An exact repeat is needed of the lines from the one with "Dimensions 16.0x7.9x7.2 mm" through the last line of the data below. Please omit the pictures.

Image-text web data

⁂

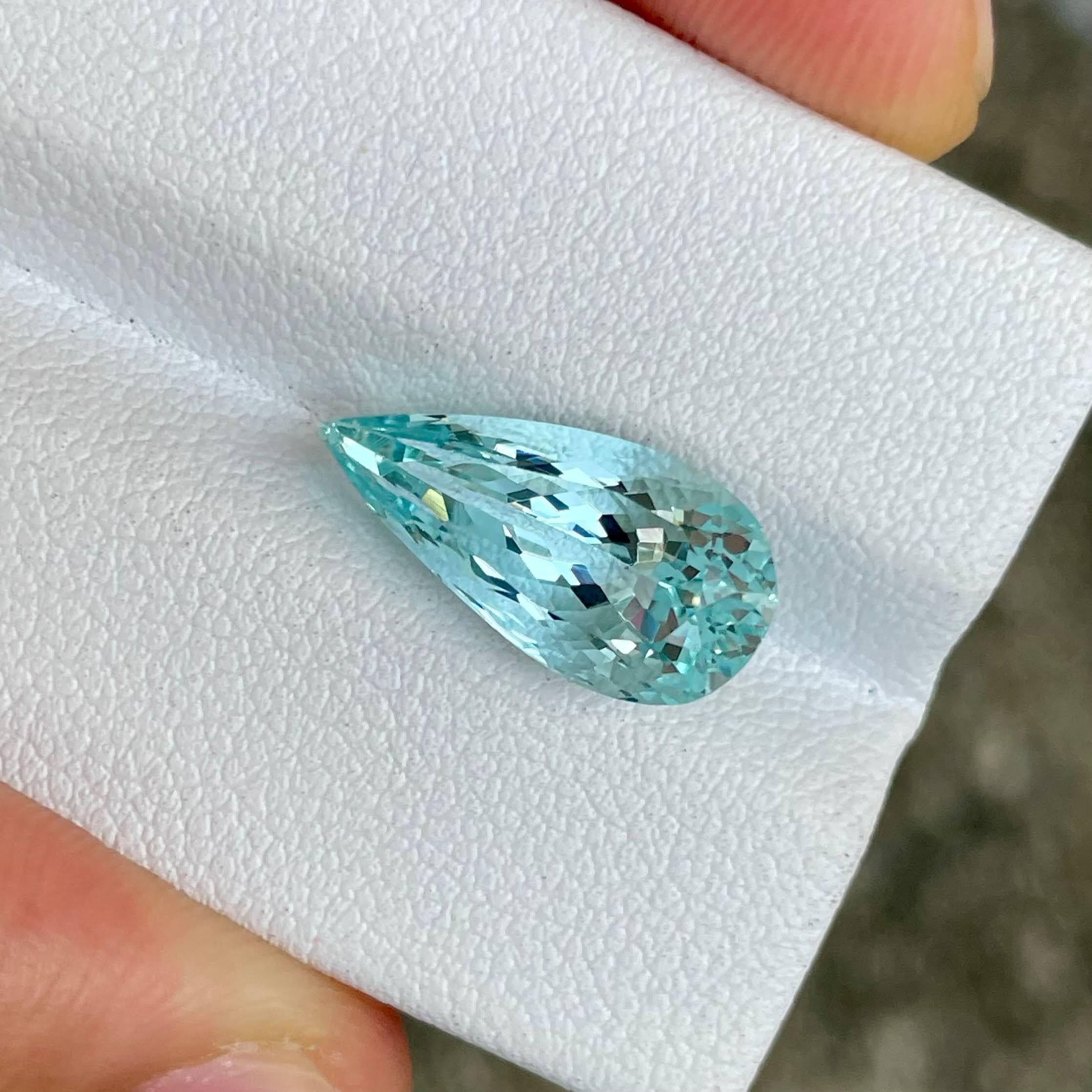 Weight 4.50 carats 
Dimensions 16.0x7.9x7.2 mm
Treatment none
Origin Africa 
Clarity Eye clean 
Shape pear 
Cut faceted 


This 4.50 carat blue aquamarine is a stunning natural gemstone with a unique marquise cut that emphasizes its captivating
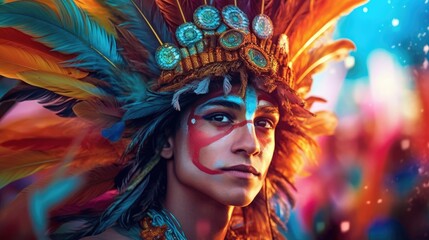 Fototapeta premium A young man with colorful face paint and feathers, participating in a vibrant Brazilian carnival parade. Generative ai.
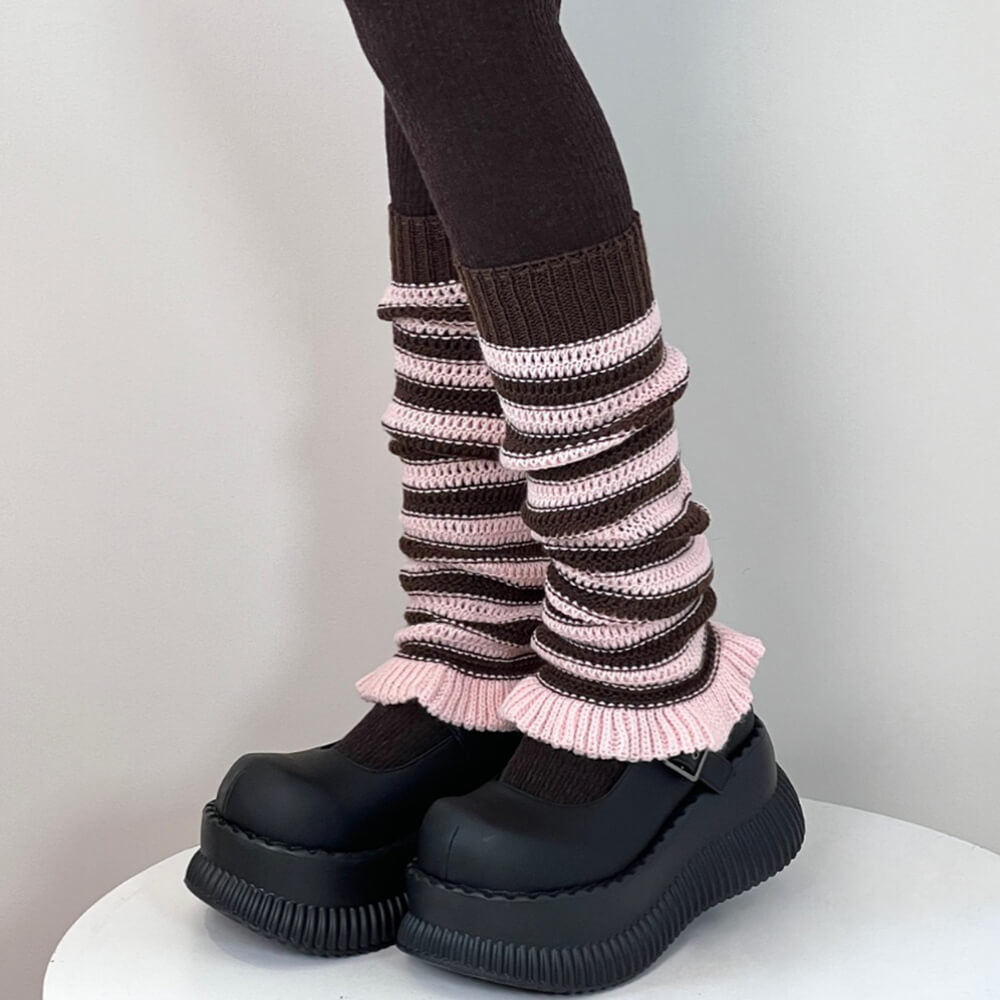 Indie Aesthetic Striped Leg Warmers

⁂

## Your response
Dimensions 16.0x7.9x7.2 mm
Treatment none
Origin Africa 
Clarity Eye clean 
Shape pear 
Cut faceted 


This 4.50 carat blue aquamarine is a stunning natural gemstone with a unique marquise cut that emphasizes its captivating
 Fototapeta premium A young man with colorful face paint and feathers, participating in a vibrant Brazilian carnival parade. Generative ai.
 Indie Aesthetic Striped Leg Warmers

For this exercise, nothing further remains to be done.